Afishwithabike Posted July 12, 2011 Posted July 12, 2011 Thank you D-Lish..you are totally 100% right. I had one glass of wine, a beer, was totally myself and normal and kind to him. I didn't do anything dumb, flirt with anyone or make any dumb moves. I feel a little better just knowing that I was the normal kind person I am and just wanted things to work. He lives in Minnesota and I live in Oregon. My family is in Minnesota and I was going to visit and was looking forward to spending lots of quality time getting to know him. It's his loss. You'll find someone who loves and values you the way you are.
Author Bittersweet_Love Posted July 12, 2011 Author Posted July 12, 2011 Hi Feelsgoodman.. I actually AM Pakistani...an American born Pakistani. This is where is gets so hard for me. I thought he was a liberal Pakistani man but apparently not..so hard to find someone who is a good mix of east and west
Author Bittersweet_Love Posted July 13, 2011 Author Posted July 13, 2011 Everyday I get a little bit stronger from this but, I would be lying if I said it still wasn't something I thought about everyday. Here is my question: Would I be doing myself a disservice to write him an email venting out some of the anger I have? I know NC is probably BEST in this situation and to just move on but, I still cannot shake how we talked for three months and then how he treated me when I visited and now completely disappearance. IT'S INFURIATING! I want to let him know how upset I am and how confused by his actions. I know it's probably NOT a good idea but could it possibly do some good at least to get some closure? I feel like he could have at least given me THAT..but it never ceases to amaze me how some people can act.

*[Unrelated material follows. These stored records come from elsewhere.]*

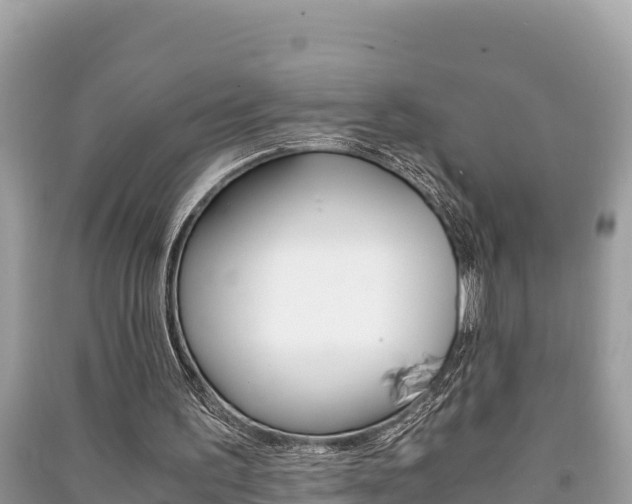 X0000091220195200708091144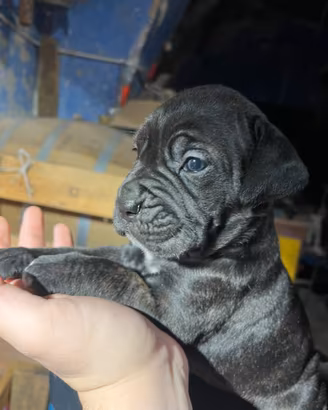 Cuccioli cane corso
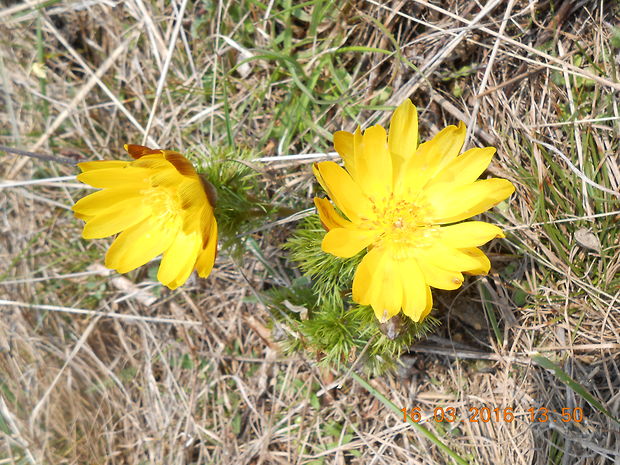 hlaváčik jarný Adonis vernalis L.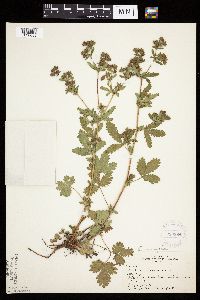 Potentilla norvegica image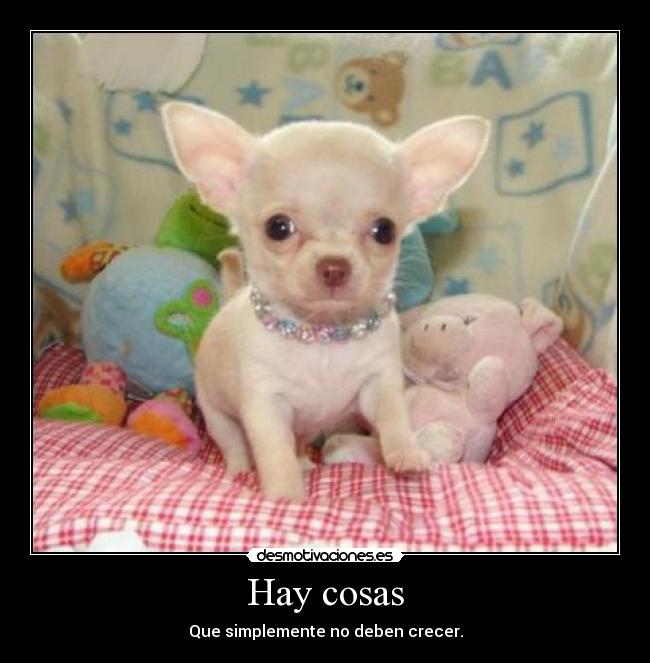 Hay cosas - Que simplemente no deben crecer.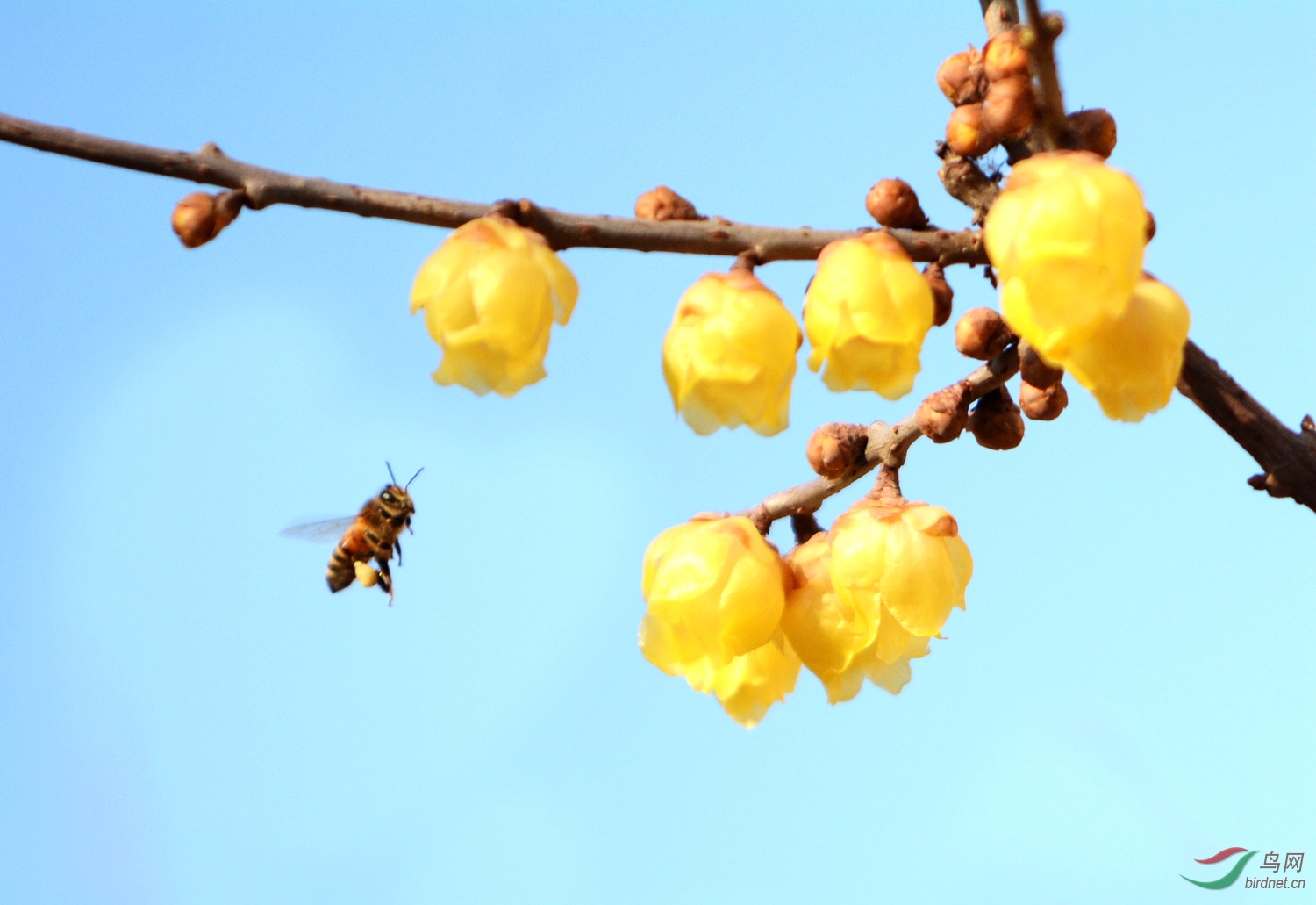腊梅盛开群蜂采蜜忙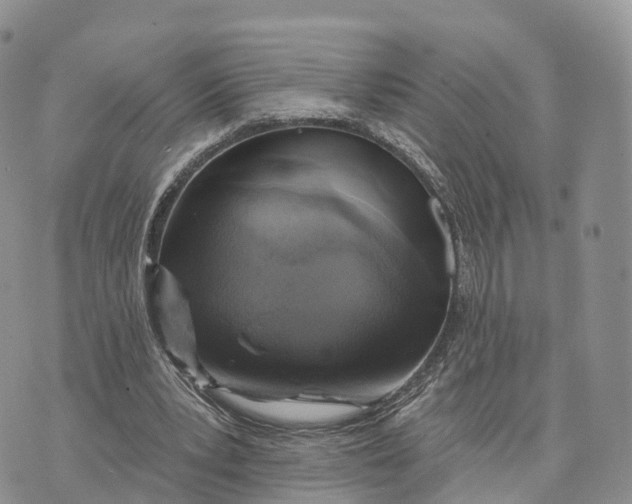 X0000072970391200608111721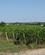 706 Vinmark Md Roder Saint Emilion Bordeaux Anne Vibeke Rejser IMG 1011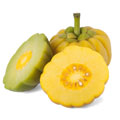 garcinia cambogia plant behing half cut garcinia cambogia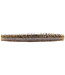 Z-MAN FISHING PRODUCTS INC. Z-MAN FINESSE TRD 2.75" GREEN PUMPKIN 8 PACK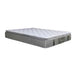 KASUR - SPRINGBED Kasur Springbed Dunlopillo Benedict DUNLOPILLO OSCARLIVING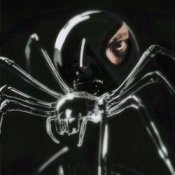 Обкладинка Dubinin – Чёрная вдова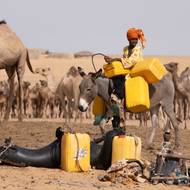Kromě Blízkého východu má Češka projetou i severní Afriku a oblast Sahelu.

UGH It would be a simple email saying... hey, I haven't heard from you since I got back to Oregon and I just wanted to express my disappointment in how you acted when I was there...(maybe a short explanation) and end it nicely with "I wish you the best" I don't know...maybe that's dumb....and I should just move on....thoughts?

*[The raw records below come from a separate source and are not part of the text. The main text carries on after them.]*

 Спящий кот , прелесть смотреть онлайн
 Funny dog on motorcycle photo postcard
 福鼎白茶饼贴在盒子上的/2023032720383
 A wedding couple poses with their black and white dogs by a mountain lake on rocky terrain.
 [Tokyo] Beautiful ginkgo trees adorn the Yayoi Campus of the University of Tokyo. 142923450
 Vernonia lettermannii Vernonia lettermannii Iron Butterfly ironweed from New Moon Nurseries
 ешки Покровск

Afishwithabike Posted July 13, 2011 Posted July 13, 2011 I think the idea is fine, but I would keep the email shorter. I don't know if right now you need to include the short explanation. If he responds with "what did I do wrong?" then maybe give an explanation.

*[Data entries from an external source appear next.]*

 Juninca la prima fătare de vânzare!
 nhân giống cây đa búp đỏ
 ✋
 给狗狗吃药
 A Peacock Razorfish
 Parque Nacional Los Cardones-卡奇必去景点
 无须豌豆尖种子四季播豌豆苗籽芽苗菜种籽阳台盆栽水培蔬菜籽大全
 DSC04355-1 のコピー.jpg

Feelsgoodman Posted July 14, 2011 Posted July 14, 2011 Everyday I get a little bit stronger from this but, I would be lying if I said it still wasn't something I thought about everyday. Here is my question: Would I be doing myself a disservice to write him an email venting out some of the anger I have? I know NC is probably BEST in this situation and to just move on but, I still cannot shake how we talked for three months and then how he treated me when I visited and now completely disappearance. IT'S INFURIATING! I want to let him know how upset I am and how confused by his actions. I know it's probably NOT a good idea but could it possibly do some good at least to get some closure? I feel like he could have at least given me THAT..but it never ceases to amaze me how some people can act. UGH It would be a simple email saying... hey, I haven't heard from you since I got back to Oregon and I just wanted to express my disappointment in how you acted when I was there...(maybe a short explanation) and end it nicely with "I wish you the best" I don't know...maybe that's dumb....and I should just move on....thoughts? Yes, it is dumb. It won't bring you closure, as he will just laugh it off or come up with some bs excuse. Move on with your life.